The resignations from Besiktas were widely ridiculed on Turkish social media.

Ahmet Davutoglu, the former prime minister, tweeted: “Fans said 'down with the govt'. Bahceli misunderstood again and renounced his Besiktas membership.” 

“At least someone resigned from somewhere,” said Metin Ergun, MP for the southwestern city of Mugla, in response to MHP’s announcement. 

“It's great that those who were nowhere to be seen for 10 days after the earthquake renounced their Besiktas membership in 10 minutes,” tweeted Turkish football pundit Ugur Karakullukcu.

Some football clubs disagreed with the protests. Caykur Rizespor, which is based in Rize, Erdogan’s ancestral hometown, called the protests “provocative acts” and branded protesters “sewer rats” in a statement on Twitter.

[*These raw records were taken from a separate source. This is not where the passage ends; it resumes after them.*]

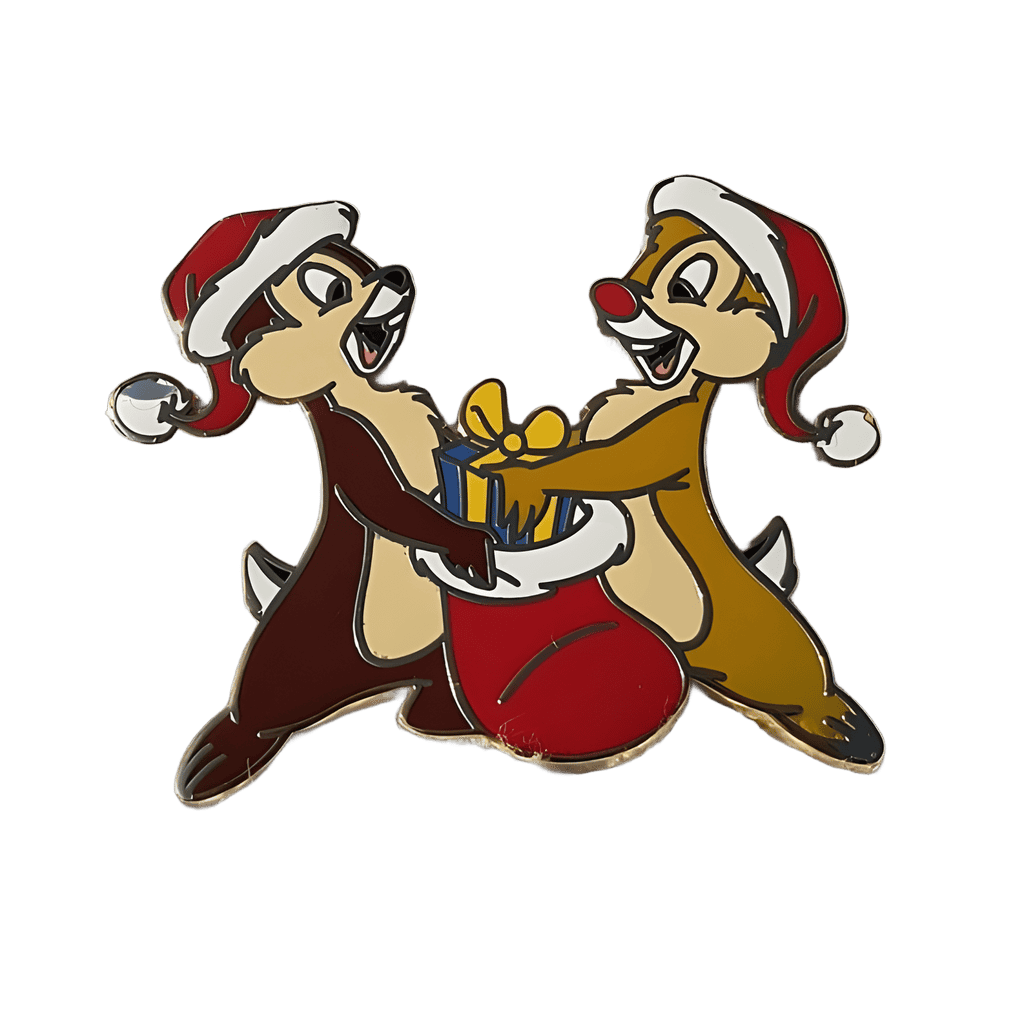 Chip and Dale with present stocking Disney pin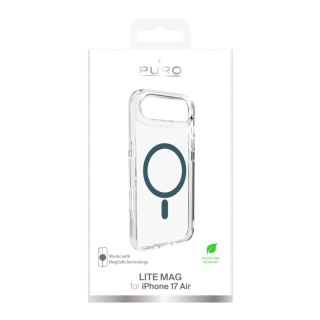 Etui plecki case na iPhone 17 Air TPU PC Lite Mag MagSafe - przezroczyste turkusowy pierścień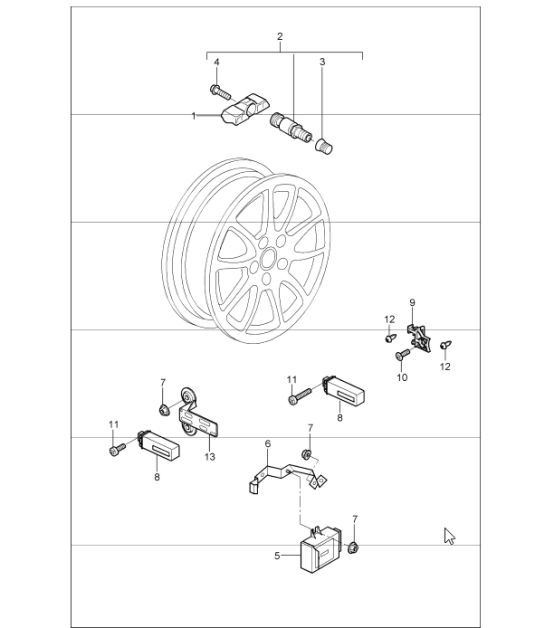 tyre pressure monitoring I482 (433 MHz) and I483 (315-MHz) 997 GT3 UPTO 2008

“If anyone wants to conduct politics, there will be elections in the coming days,” Interior Minister Suleyman Soylu said.

The Union of Clubs, which represents every team in Turkey’s top league, released a statement calling for politics to be kept out of football grounds, which was read as an implicit condemnation of the calls for the government to resign. 

The official Twitter account of Fenerbahce retweeted the statement, adding that they would assist efforts to help earthquake-hit areas with “all our might”.

Riot police deployed

At a separate demonstration in Istanbul, riot police moved swiftly to detain protesters, who were handcuffed and dragged into police buses. 

Dozens of members and supporters of the leftist opposition Workers' Party of Turkey were detained in central Istanbul on Sunday at an anti-government protest, the party said.

Three weeks after the devastating earthquakes, which left 1.5 million homeless, public anger and opposition towards Erdogan is growing, months before he faces the toughest parliamentary and presidential elections of his 20 years in power.

Turkey’s president has toured shattered cities, promising rapid reconstruction and punishment for constructors who skirted safety regulations, however this may not be enough to convince angry survivors who say emergency rescue teams were too slow to deploy, Reuters reported.